O caso policial envolvendo os facões Rebite Prata e Rebite Dourado deixou sequela. Mesmo depois que tudo foi explicado e provada a inocência dos dois facões, eles permaneceram inativos, por decisão do Diretor de Eventos e deles próprios. Os torneios Tirinhas e Tirinhas Uno passaram então a ser protagonizados somente pelas faquinhas Azul e Fininha.
As duas primas atuando sós, no princípio souberam levar muito bem os espetáculos, e até ganharam mais popularidade. A competência e o talento das duas segurou o público, com belas apresentações, durante uns meses. Mas, passada a euforia inicial, elas foram perdendo o entusiasmo, pois sofriam ao ver seus mestres na gaveta, enquanto atuavam. E o público, sentindo algo estranho no ar, começava a decair.

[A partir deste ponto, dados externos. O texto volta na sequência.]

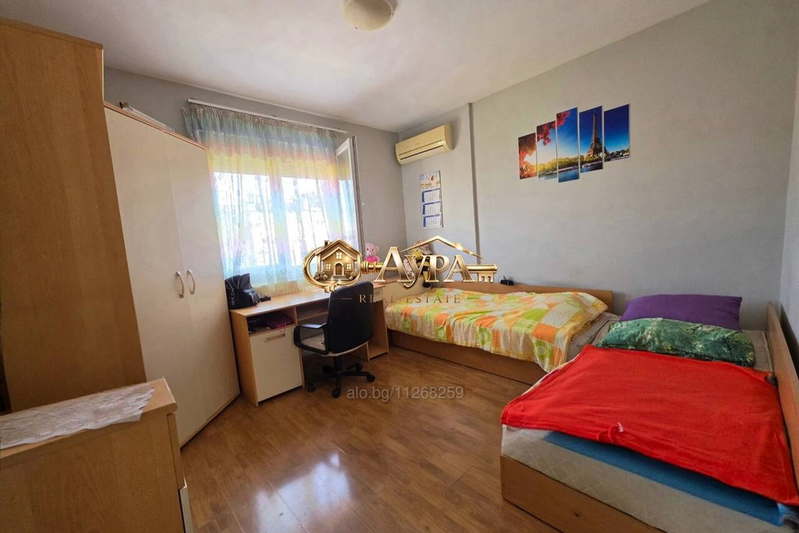 3-bedroom apartment in Haskovo, Badema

Chegou o momento em que elas não se conformaram mais com a situação. A primeira a tocar no assunto foi Fininha: “Querida, tem uma coisa que preciso lhe dizer; quero saber a sua opinião...” As duas ficaram se olhando e pareciam entender-se pelo olhar. Respondeu Azul, adivinhando o pensamento da outra:
“É sobre o Prata e o Dourado, não é? 
“É sim. Você também se preocupa com eles, tenho certeza... “
“Claro, minha prima”, confirmou a Azul, acrescentando: “Nós duas não estamos mais rendendo tão bem nos espetáculos, sabemos muito bem disso...”
Fininha a abraçou: “Prima, temos que fazer alguma coisa... Você sempre soube ter as ideias certas quando foi preciso. O que acha que podemos fazer?”

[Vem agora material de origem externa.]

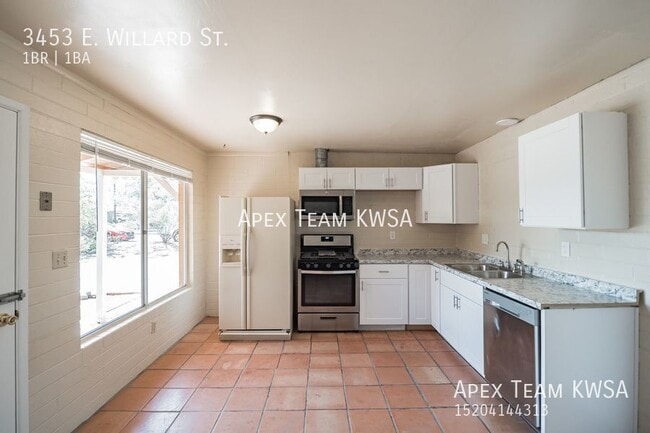 Photo - 3453 E Willard St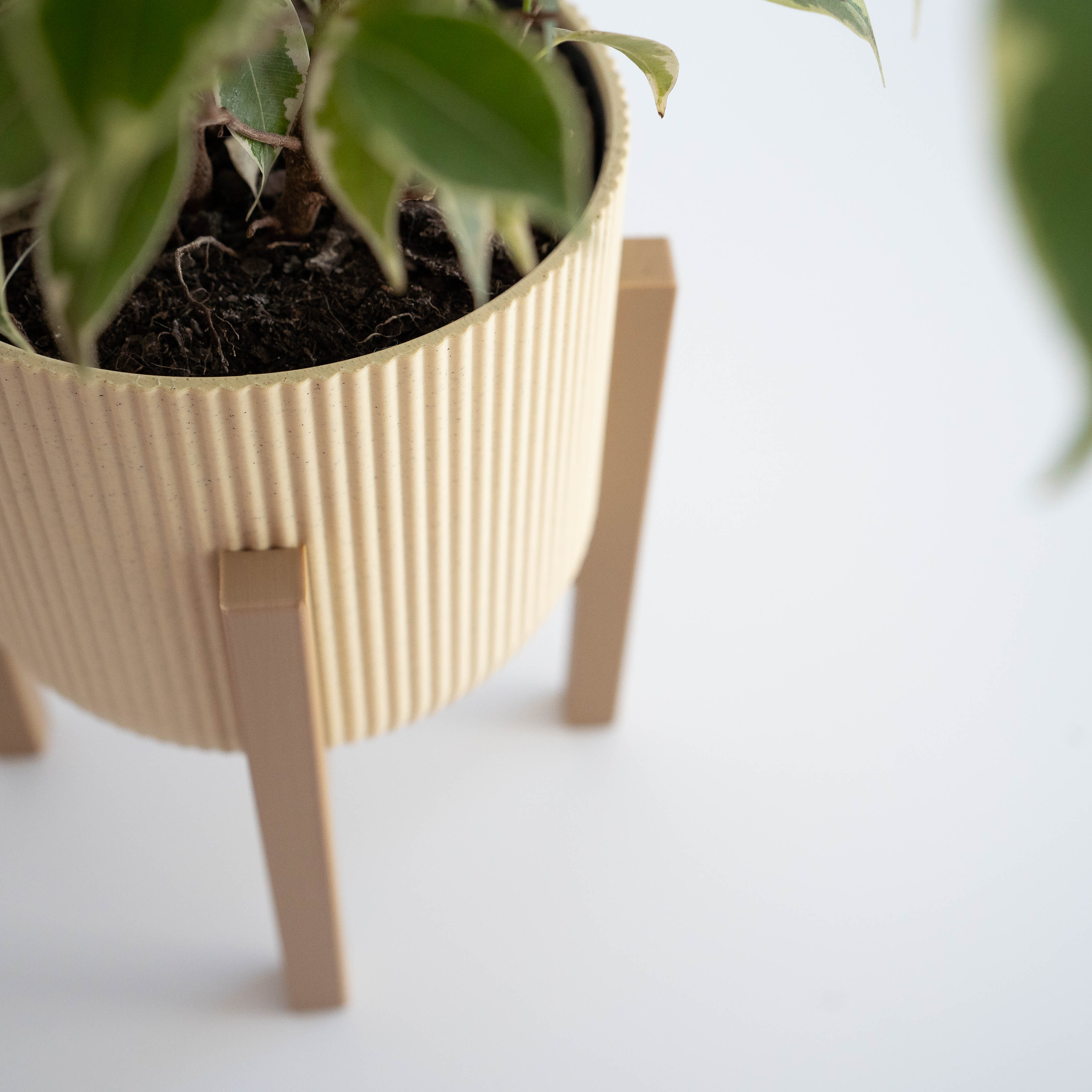 Lines - Macetero Elevado 3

Foi ótimo que a prima levantasse a questão. Na verdade, Azul estava com essa mesma preocupação há muitos dias, mas agora chegara o momento certo de tomar uma atitude. Disse então, decidida:
“Acho que está na hora de voltarmos a atuar juntos, os quatro.”

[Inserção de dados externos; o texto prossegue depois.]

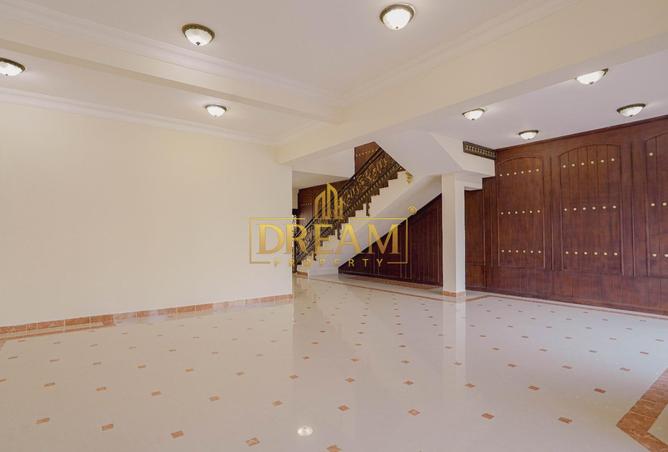 983856 - Property Image 3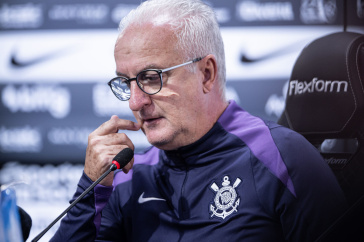 Dorival J�nior assume o comando do time profissional do Corinthians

“Eu penso a da mesma maneira,” concordou Fininha, convicta.
Como sempre aconteceu em momentos como esse, propuseram uma reunião com o Diretor. Ele as recebeu prontamente em sua sala.
“Não usei a sala de reuniões dessa vez porque acho que posso adivinhar o assunto,” adiantou o Diretor, “e quero resolver isso rápido.”
“O senhor já deve ter notado que a frequência do público vem decaindo e que nós duas não estamos conseguindo sustentar sozinhas os espetáculos,” disse Azul.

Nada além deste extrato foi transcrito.